In the present disclosure the invention is embodied in a ramp
generator, however, it will be evident that the invention is not
limited to a particular type of waveform generation and is
applicable to any signal generating scheme wherein a constant
current source is desirable.
In FIG. 1, a current source 10 provides a constant current, via
line 11, to an energy storage capacitor 12. One terminal of
capacitor 12 is connected to a point 13 and the other terminal is
connected to ground.
Point 13 is also connected to output terminal 14 where the output
signal V.sub.o will appear. A feedback loop is provided between
point 14 and source 10 which includes an amplifying stage 15 and a
filter stage 16. A switching device 17 is connected between point
13 and ground.
In operation the current source starts to charge capacitor 12
toward some potential determined by the internal supply (not shown)
associated with source 10. At a predetermined time, such as the
point where capacitor 12 is charged to E volts, the normally open
switch 17 is closed and the capacitor discharges through switch 17
to ground causing the output voltage to decay to zero volts at
point 14. Switch 17 is then re-opened and capacitor 12 again starts
to store energy supplied from the constant current source 10. By
periodically closing and opening switch 17 a ramp wave form is
generated, as shown, at output terminal 14.
The output waveform is shaped and filtered by amplifier 15 and 16,
and a control voltage is supplied via this feedback loop to the
source 10. If the current from source 10 should increase for any
reason then the output signal V.sub.o would reach the desired peak
value E in a shorter time span. In other words the amplitude of the
ramp would be altered. If, in this situation, switch 17 closes
periodically and independent of the peak amplitude of the ramp,
then the output signal V.sub.o could go to a value greater than E
volts before decaying to zero.
In order to correct for changes in the current supplied to
capacitor 12, the feedback control signal is applied to the source
10 such that the control signal tends to lower the current from the
source 10 when an increase of current is sensed at point 14. Thus,
in general terms, a ramp generator circuit has been described.

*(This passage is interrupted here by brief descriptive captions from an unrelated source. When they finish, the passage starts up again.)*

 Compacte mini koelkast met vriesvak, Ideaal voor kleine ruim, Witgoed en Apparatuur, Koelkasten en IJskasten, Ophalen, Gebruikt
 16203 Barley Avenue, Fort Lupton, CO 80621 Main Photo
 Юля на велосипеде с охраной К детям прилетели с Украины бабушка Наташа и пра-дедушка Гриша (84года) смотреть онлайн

Prior art implementations of a ramp generator such as that shown in
FIG. 1, in integrated circuit form have been subject to the
problems previously mentioned.
FIG. 2 shows a ramp generator implementation which overcomes the
prior art problems through the use of MOS integrated circuit
technology.
All of the transistors shown in FIG. 2 are P channel MOS insulated
gate field effect transistors with the exception of transistor
Q.sub.s which is an N channel device. All devices shown in FIG. 2
are integrated on the same chip (designated by the solid block 100
in FIG. 2) with the exception of the capacitor C.sub.s (shown
within the dashed box 200) which can be a discrete element and
externally connected to the chip 100.
Transistor Q.sub.1 and Q.sub.2 are connected in a cascode
arrangement with one main electrode, the source, of transistor
Q.sub.1 connected to one main electrode, the drain, of transistor
Q.sub.2. The source electrode of transistor Q.sub.2 is connected to
a voltage supply of plus 12 volts d.c. and the drain electrode of
transistor Q.sub.1 is connected to point 20.

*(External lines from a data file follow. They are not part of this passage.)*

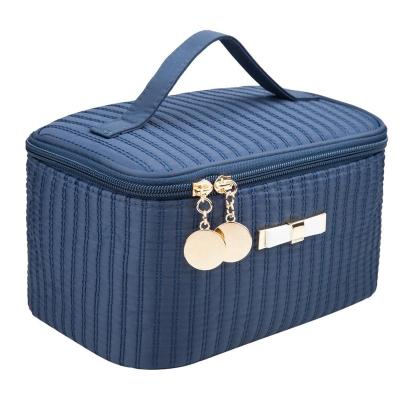 China Large Size Fashion Quality Zipper Travel Nylon Single Layer Makeup Bag Cosmetic Bag for sale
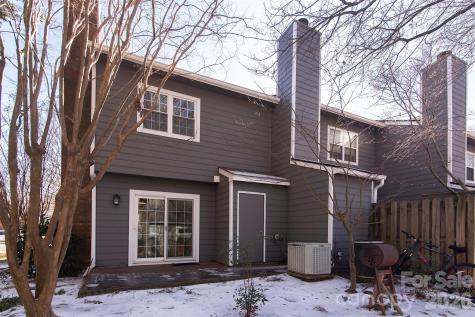 6116 Heath Ridge Court Charlotte NC 28210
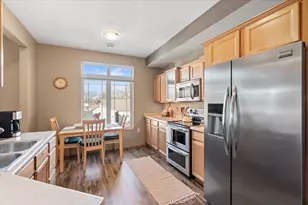 127 Carriage Way, DeForest, WI 53532 - Photo 10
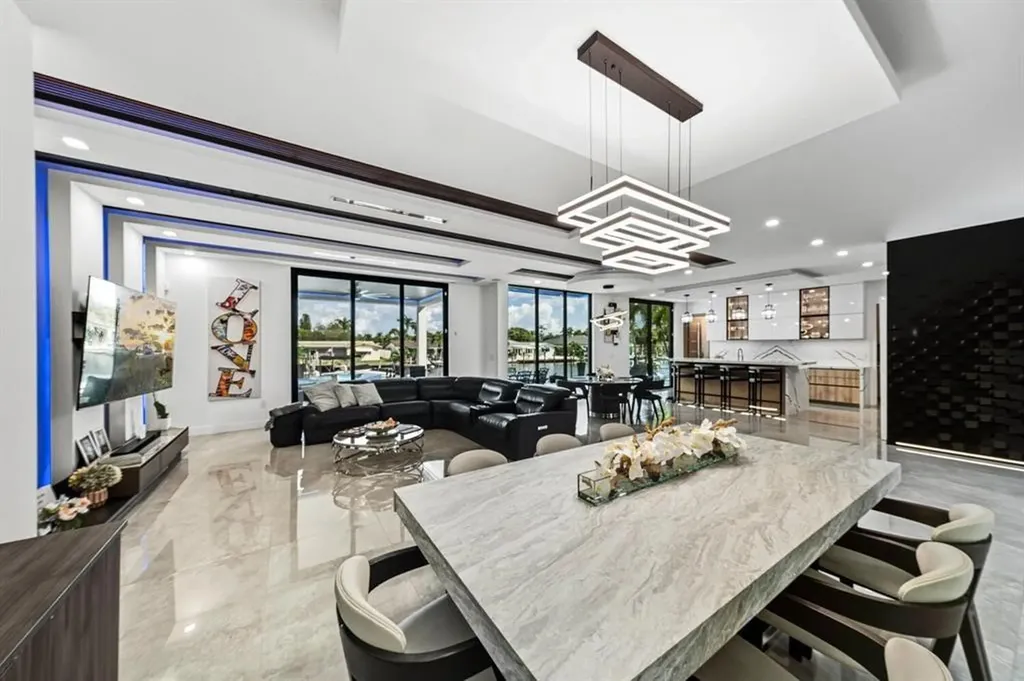 2581 NE 50th Street Lighthouse Point FL 33064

Each of transistors Q.sub.3, Q.sub.4, and Q.sub.5 have their gate
electrodes connected directly to their respective drain electrodes.
In addition, a plus 12 volt supply is connected to the source
electrode of transistor Q.sub.3. The drain of transistor Q.sub.3 is
connected to the source electrode of transistor Q.sub.4, the drain
electrode of transistor Q.sub.4 is connected to the source
electrode of transistor Q.sub.5, and the drain electrode of
transistor Q.sub.5 is grounded. The arrangement of transistors
Q.sub.3 -Q.sub.5 is known in the art and is used to provide biasing
for other elements in a fashion which is analogous to a resistive
voltage divider network.
In the specific arrangement in FIG. 2 the junction 21 between the
drain of transistor Q.sub.4 and the source of transistor Q.sub.5
provides a voltage of approximately 2 times the threshold voltage
of transistor Q.sub.1. Point 21 is electrically connected to the
gate electrode of transistor Q.sub.1. The biasing on the gate of
transistor Q.sub.1 puts the transistor in the saturated region of
operation, as will be discussed more fully herein.

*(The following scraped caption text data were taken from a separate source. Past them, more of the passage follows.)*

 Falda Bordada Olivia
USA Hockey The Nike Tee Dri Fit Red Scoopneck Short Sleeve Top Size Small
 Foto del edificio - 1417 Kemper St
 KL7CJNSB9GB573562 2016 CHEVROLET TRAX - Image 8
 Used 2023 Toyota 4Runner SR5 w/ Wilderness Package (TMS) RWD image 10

A voltage substantially equal to the threshold voltage is obtained
at junction point 22 where the drain of transistor Q.sub.3 is
connected to the source of transistor Q.sub.4.
An energy storage capacitor, C.sub.s, is electrically connected
between ground and junction point 20. Also, a switching transistor
Q.sub.s of the N channel type has its drain connected to point 20
and its source connected to ground. A trigger signal comprising a
train of periodic positive going pulses, having an amplitude of
plus 12 volts is applied to the control or gate electrode of
transistor Q.sub.s from a suitable source, not shown.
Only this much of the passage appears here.